- REQUIRED WORK
Nothing should appear in the answer except the lines below from the line containing "colorful pop art apartment" through the line containing "Trump 2024 Lets", copied exactly, with pictures left out.

- SOURCE DATA
%%

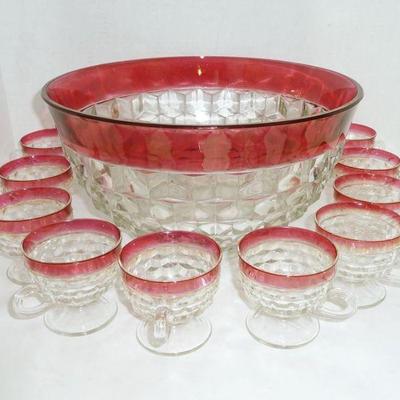 Whitehall ruby cubed punch set bowl/10 cups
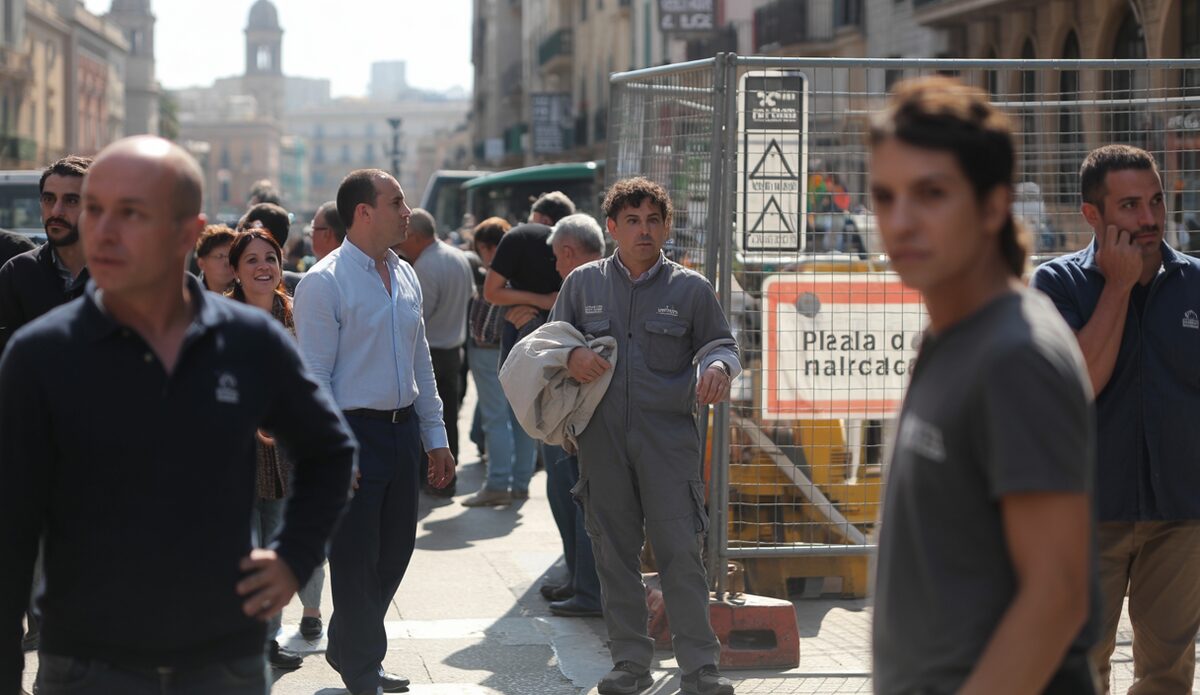 Plaza del Mercat in Palma de Mallorca während einer Sanierung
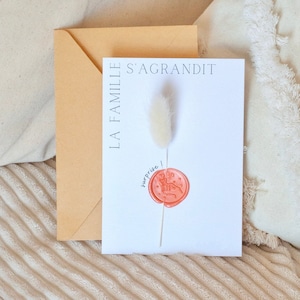 Annonce grossesse - La famille s'agrandit - papi et mamie - faire part - Carte fleurie - carte fleurs séchées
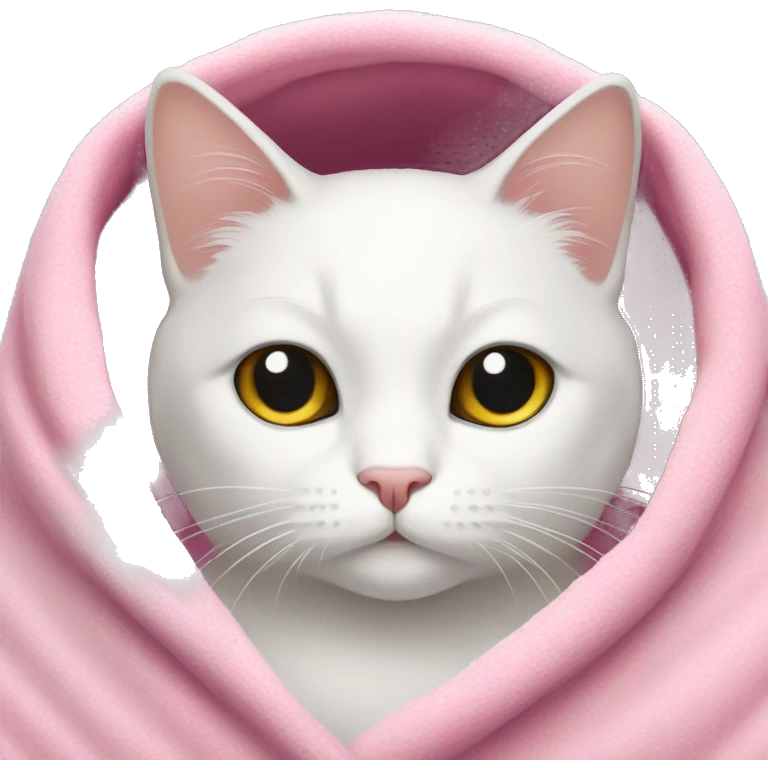 A white cat with pink winter blanket  emoji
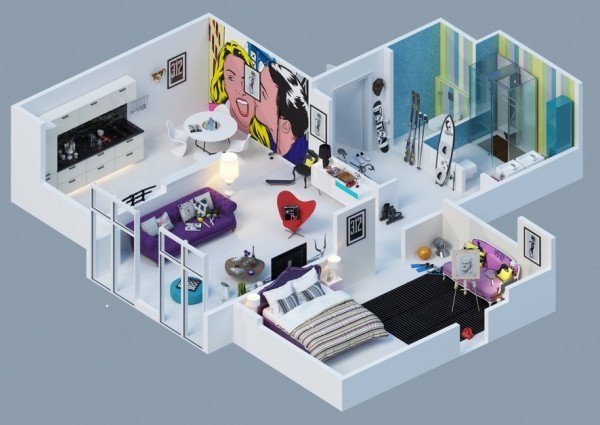 colorful pop art apartment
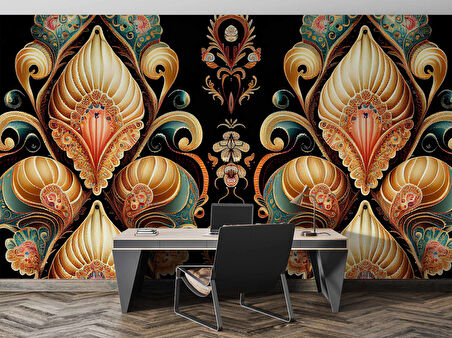 3 Boyutlu Altın Figür Desenli Duvar Kağıdı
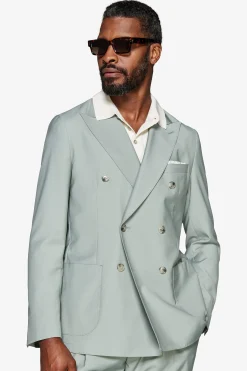Sage double-breasted twill blazer
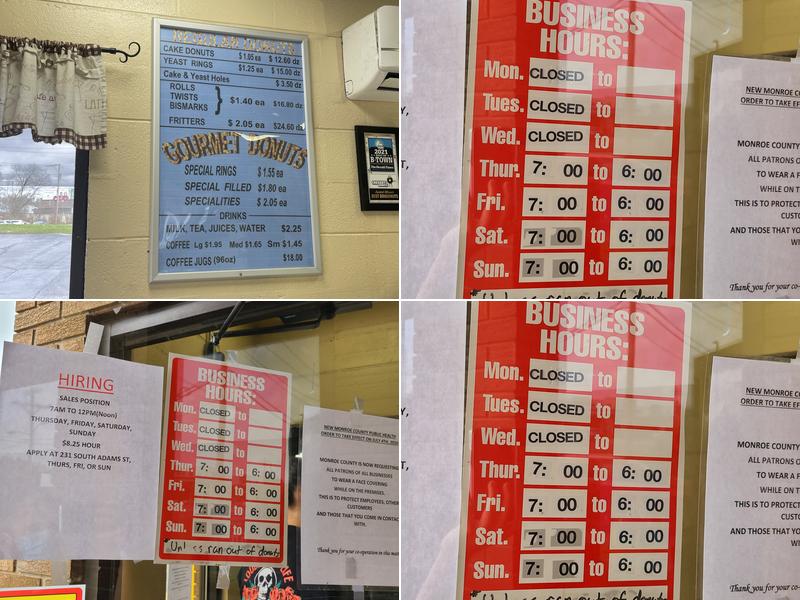 Cresent Donut Menu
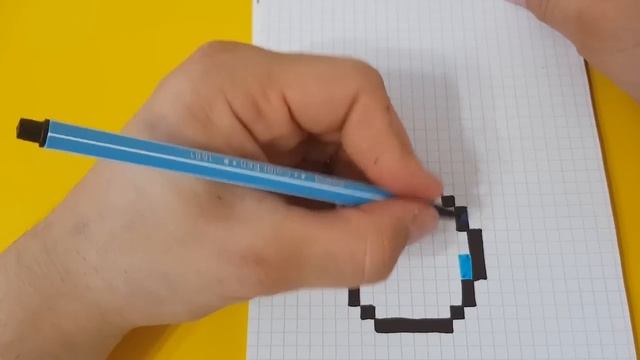 Рисуем по клеточкам-АЛМАЗ ИЗ МАЙНКРАФТА (DIAMONDS/MINECRAFT)PIXEL ART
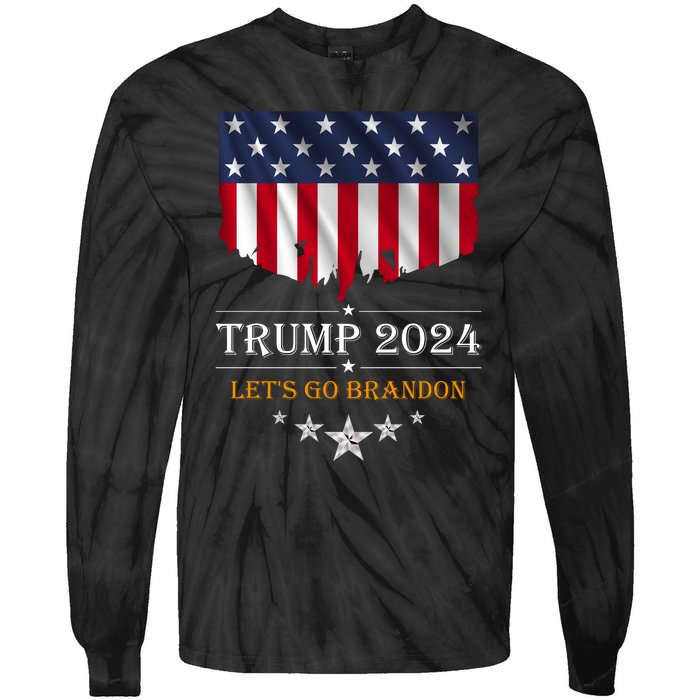 Trump 2024 Lets Go Brandon U.S Flag Tie-Dye Long Sleeve Shirt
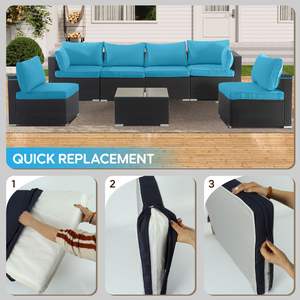 Sky Blue <b>Outdoor</b> Patio Furniture Replacement <b>Cushions</b> Deep Seat <b>Sectional</b> <b>Outdoor</b> Pillows & <b>Cushions</b> - Product Image 2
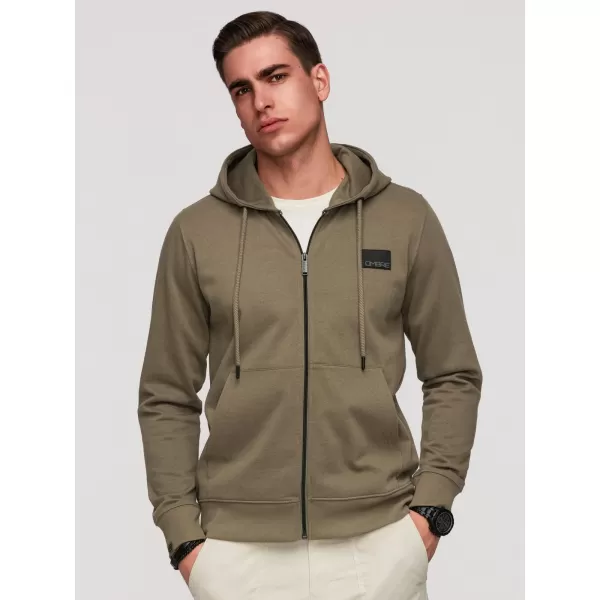  Pánska mikina OMBRE OM-SSZP-0256 OLIVE 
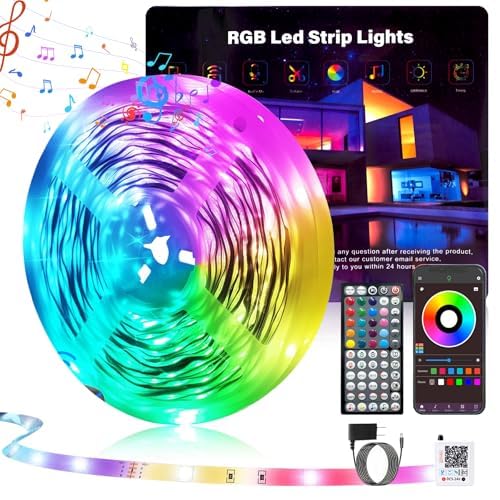 Photo 1 of 100FT Led Lights for Bedroom, Color Changing RGB Led Strip Lights Indoor, Music Sync Led Light Strip with Remote and App Control, DIY Led lights for Room Home Decor Ambient Lighting (1*100FT)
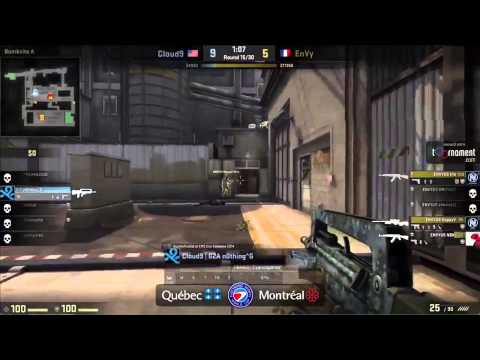 N0thing 3 vs 1 clutch - Cloud9 vs. EnVy -  ESWC 2015 CSGO Montreal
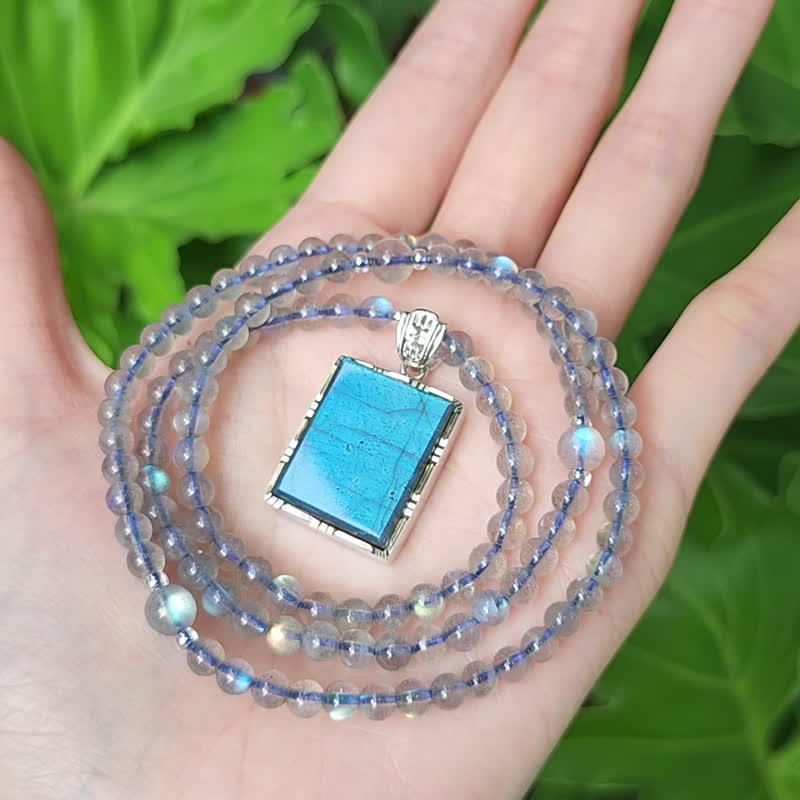 顶级拉长石 无饰牌 平安 彩虹光 108手串 念珠 4.8mm 单品 礼物 - 手链/手环 - 宝石 蓝色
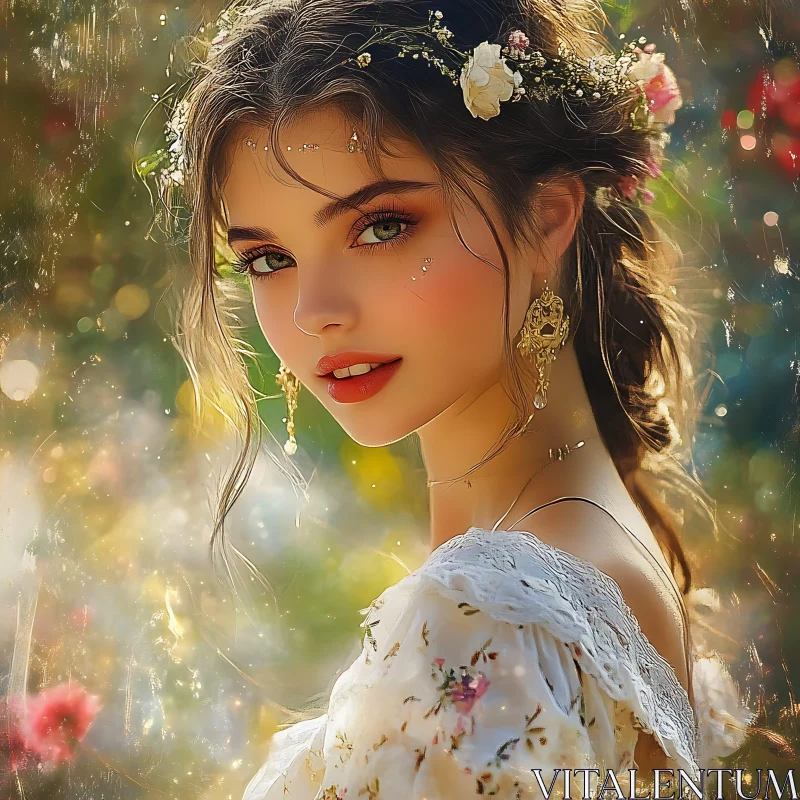 Elegant Woman with Floral Accessories AI Image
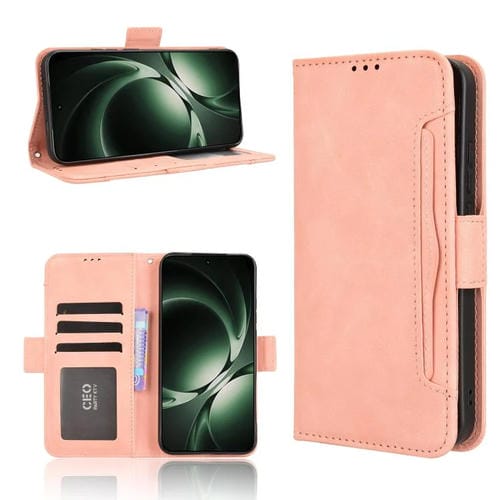 Funda de piel sintética con textura de becerro y ranuras para tarjetas para Redmi K80 Ultra (rosa)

%%

- RESULT
 colorful pop art apartment
 3 Boyutlu Altın Figür Desenli Duvar Kağıdı
Sage double-breasted twill blazer
 Cresent Donut Menu
 Рисуем по клеточкам-АЛМАЗ ИЗ МАЙНКРАФТА (DIAMONDS/MINECRAFT)PIXEL ART
 Trump 2024 Lets Go Brandon U.S Flag Tie-Dye Long Sleeve Shirt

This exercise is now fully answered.